Exercise goal:
Print the records below exactly, and do not carry over any picture.

Records contained in a dataset
Content starts

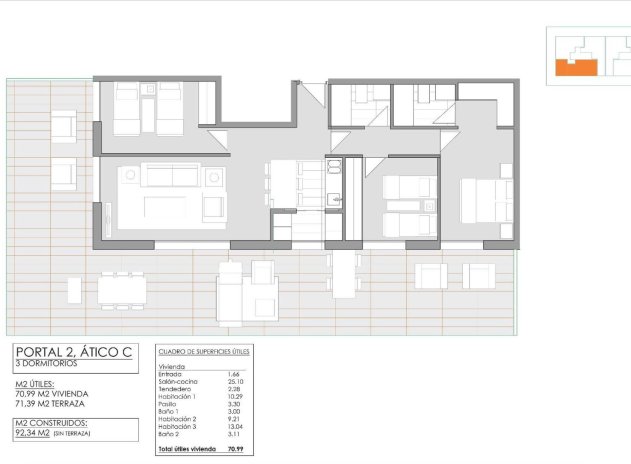 Nieuwbouw Woningen - Appartement - Jávea - Pueblo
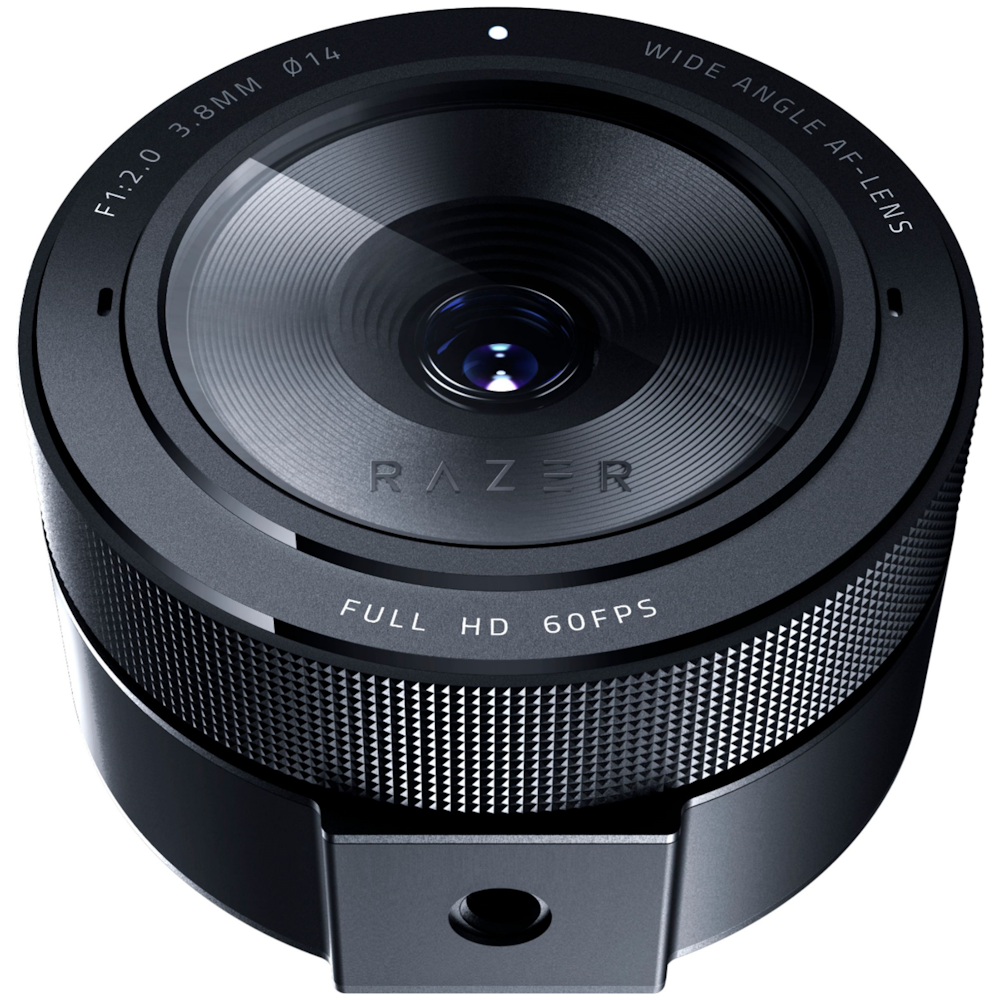 Razer Kiyo Pro Full HD Webcam / Stream Camera with Automatic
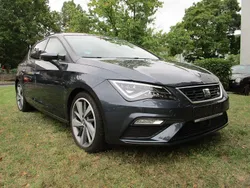Grau Gebraucht 2020 Seat Leon FR Limousine | 17.900 € (Superpreis)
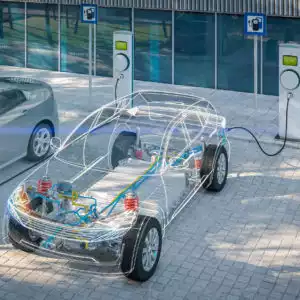ev model charging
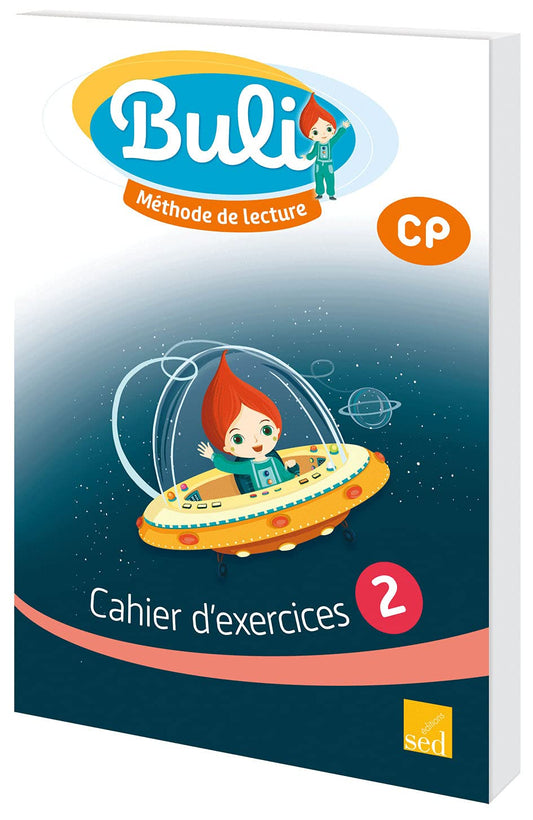 BULI - CP - Cahier de l'élève n°2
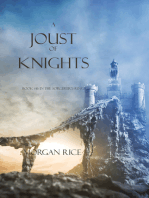 A Joust of Knights (Book #16 in the Sorcerer's Ring)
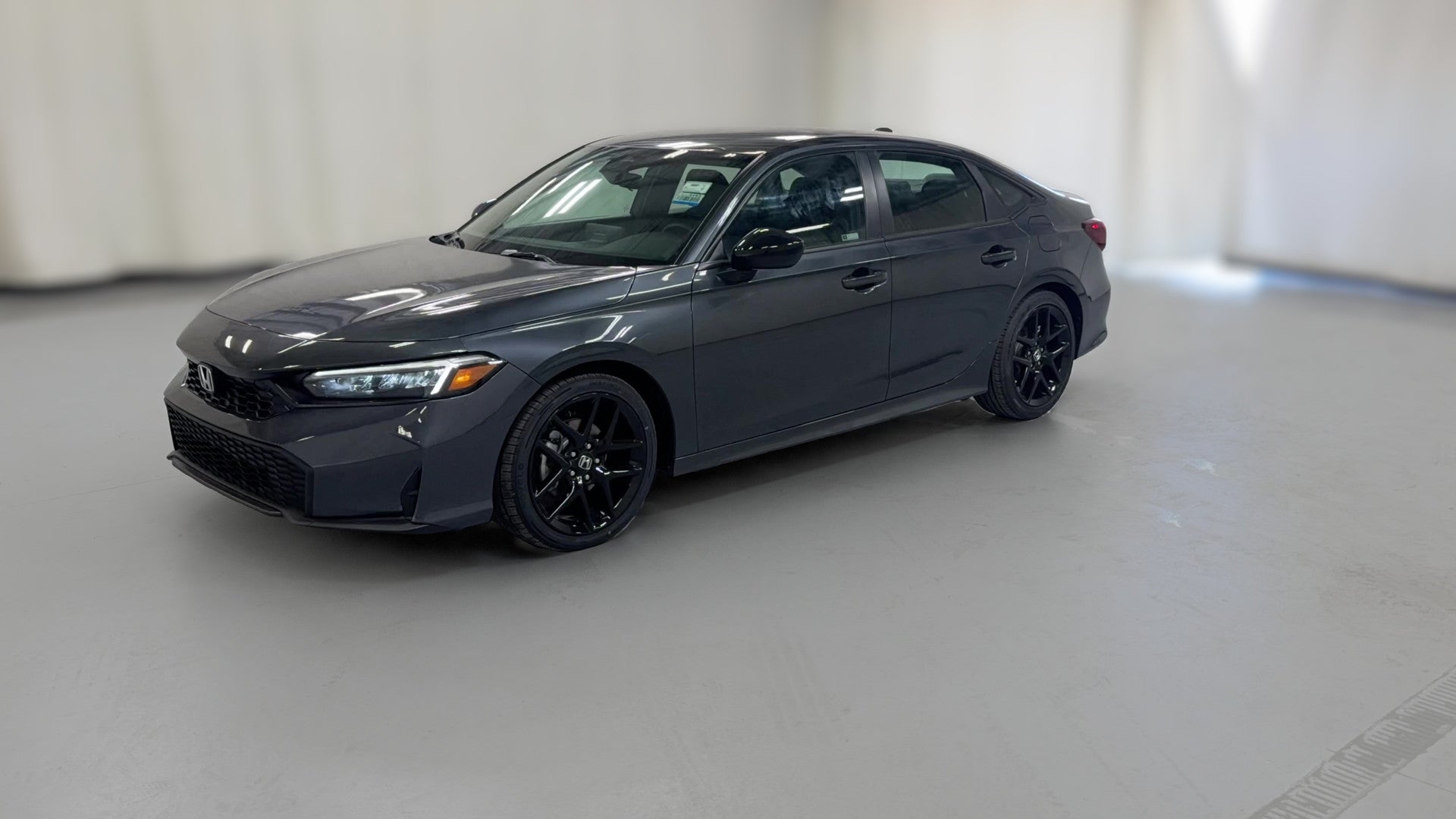 2026 Honda Civic vehicle photo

Content ends

Task output:
 Nieuwbouw Woningen - Appartement - Jávea - Pueblo
 Razer Kiyo Pro Full HD Webcam / Stream Camera with Automatic
Grau Gebraucht 2020 Seat Leon FR Limousine | 17.900 € (Superpreis)
ev model charging
 BULI - CP - Cahier de l'élève n°2
 A Joust of Knights (Book #16 in the Sorcerer's Ring)
 2026 Honda Civic vehicle photo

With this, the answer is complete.